Я бесстрастно следила за его рукой, отметив про себя, что паук на лбу как был, так и продолжал оставаться татуировкой. Живого паука он посадил на мой средний палец. Насекомое доползло до третьей фаланги, прижалось к пальцу волосатым чёрным брюшком, накрепко обхватив лапами, и замерло, сложив крылья.
− Он слишком большой даже для перстня, − проговорил Татхенган и принялся сдавливать паука пальцами со всех сторон, словно кусочек пластилина. Паук становился меньше и меньше до тех пор, пока не стал похож на странное, можно даже сказать, уродливое кольцо.
− Теперь всё. Как только ты станешь делать что−то, что мне не понравится, паук будет колоть тебя жалом. Яд будет жечь огнем, напоминая о сегодняшнем уроке.
Неожиданно он толкнул меня в плечо. Я вздрогнула, словно проснувшись, и заморгала глазами.
− Держи платок, вытри слезы.
Татхенган сунул мне его в руку. Я поняла, что силы вновь вернулись, и я могу двигаться.

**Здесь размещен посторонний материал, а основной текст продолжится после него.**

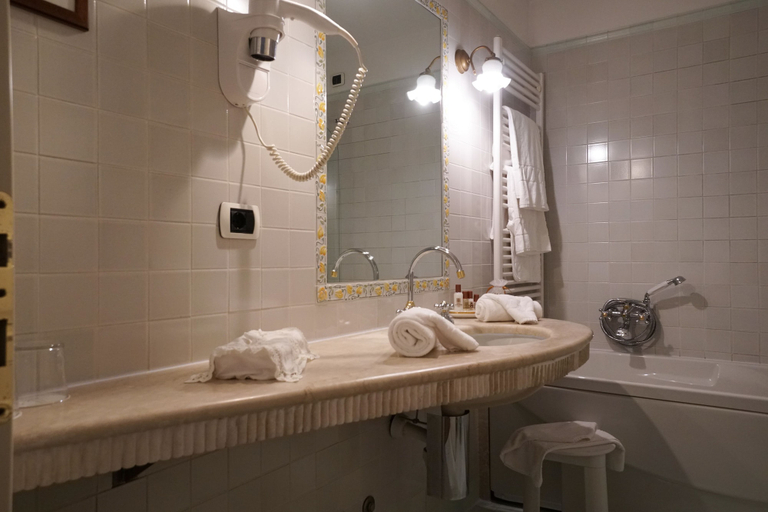 Bathroom 5, Borgo ca' dei Sospiri, Venezia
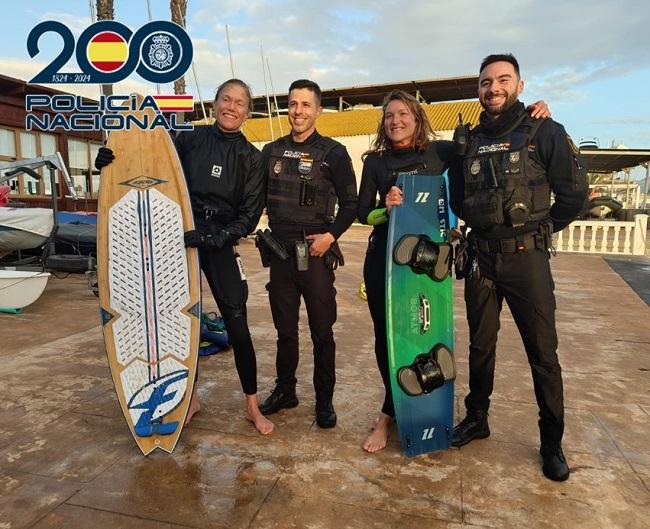 Los agentes con las dos kitesurfistas. 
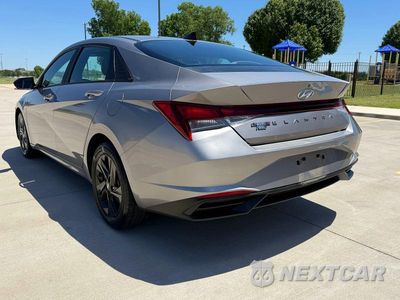 Trzecie zdjęcie samochodu z tyłu: 2021 HYUNDAI ELANTRA SEL VIN:KMHLM4AG3MU192044 - miniatura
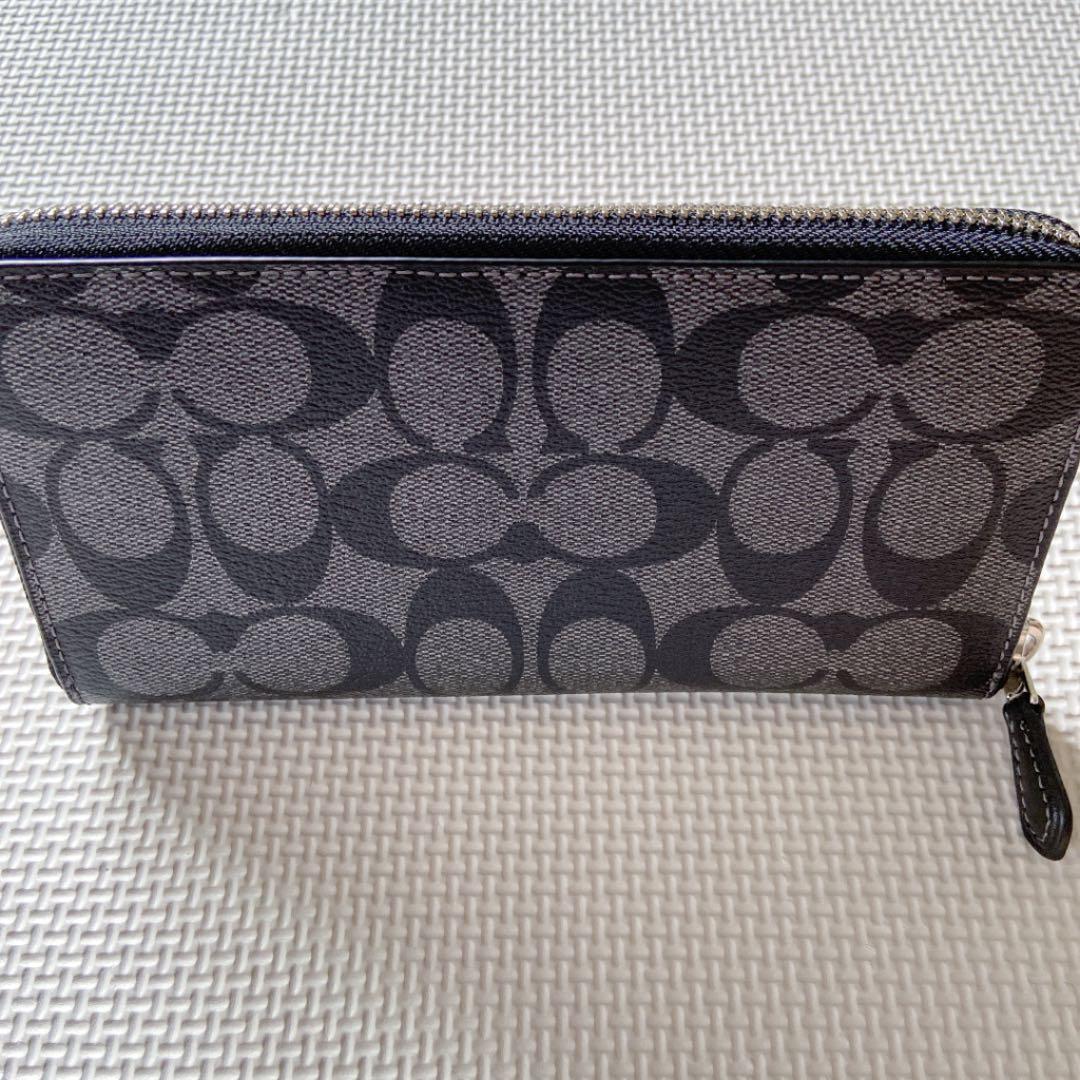ま*ー様 COACH コーチ 長財布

«Это гипноз!», − вдруг осенило меня, и я стала вытирать глаза. Я их вытирала, а слёзы текли и текли, не переставая.
На душе было мерзко, словно что−то важное у меня отняли. С лишением неволи можно было смириться, привыкнуть – это внешние обстоятельства, но, когда бесцеремонно влезают в душу и копаются в чувствах, в поисках ниточек, за которые можно потянуть, превращая тем самым человека в безвольную куклу – это чудовищное преступление против личности! И не о каком смирении в отношении меня даже не могло быть и речи!

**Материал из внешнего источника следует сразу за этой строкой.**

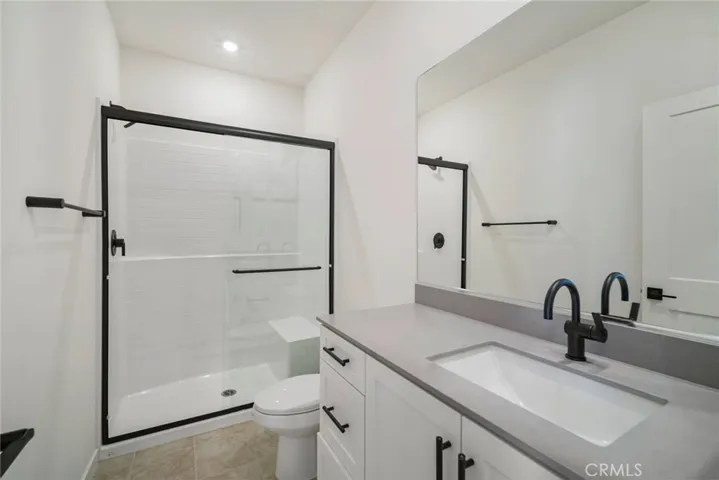 Bottom Level Bath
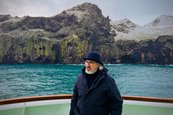 Porträt von Olafur Eliasson in Island, 2025 Mann mit Hut im Hintergrund Wasser und Berge
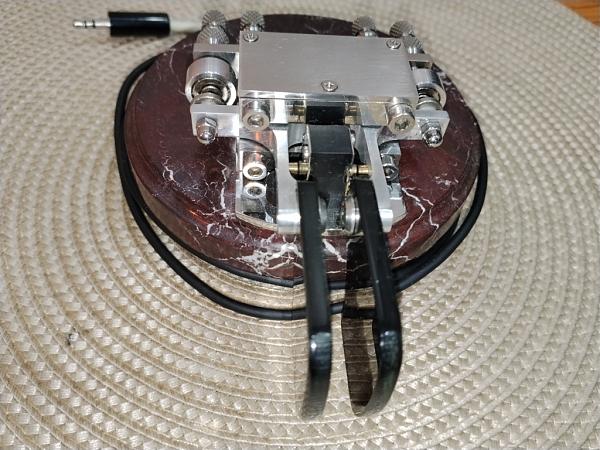 Продам Манипулятор двухрычажный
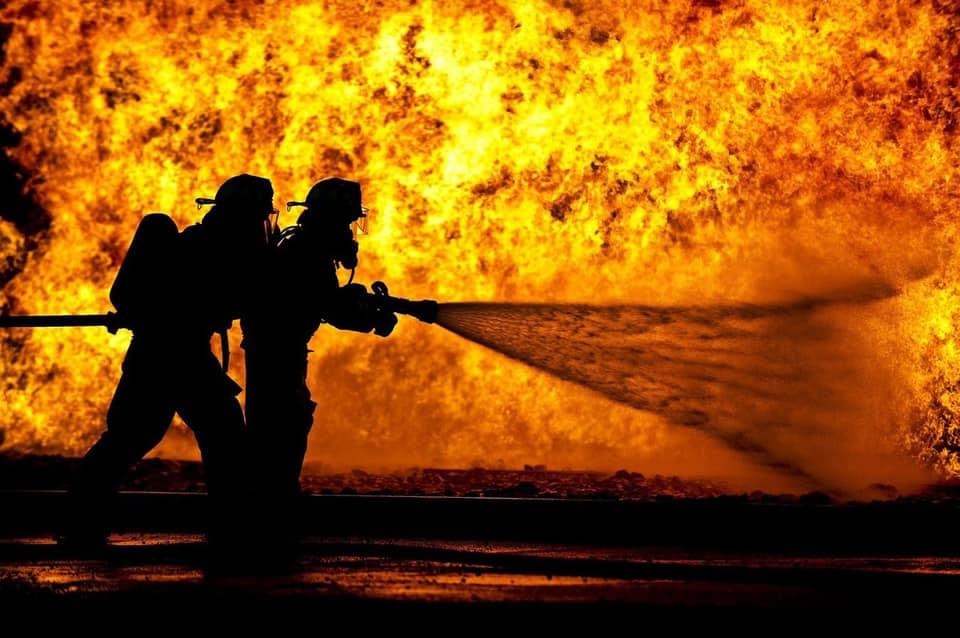 Φωτιά Αττική: Στην εντατική δύο πυροσβέστες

− Чтоб ты сдох, урод! Гнилостный червь! Садист! Чёртов гипнотизер! Накачал меня какой−то дрянью и думаешь, что всё – сделал из меня овцу безмозглую? − на едином дыхании выпалила я гневную тираду. – Я устрою тебе праздник! Ты надолго запомнишь этот день! И даже твой паук мне не помешает. Будь ты проклят, неудачник!
− Ты весьма не блещешь красноречием, − грубо прервал меня Татхенган. – Ни единого нецензурного слова…
Из уважения к положению, которое я занимала, будучи свободной, я всегда воздерживалась от нецензурных, пошлых слов. Это, честно говоря, не украшает и «крутизны» не придает. Мне больше нравятся слова с прямым значением. Меткие, точные они могут ранить сильнее, чем заштампованные с извращенным смыслом наборы букв.
− Матом пусть кроет тебя твоя мать! – бросила я ему в ответ и вдруг почувствовала, что несчастный окольцованный палец пронзила неожиданная боль.
Я с трудом сдержала стон и поднесла больную руку к глазам. Тоненькая струйка крови медленно вытекала из−под лап паука на внутренней стороне пальца. Капля за каплей и вскоре кровь достигла ладони. Я переложила в неё мокрый от слёз платок, и что было сил, сжала его, пытаясь остановить кровь.
Потом я подняла на Татхенгана полные ненависти и мутные от слёз глаза. Я ненавидела не только его, но и себя за то, что не могла остановить этот неиссякаемый поток.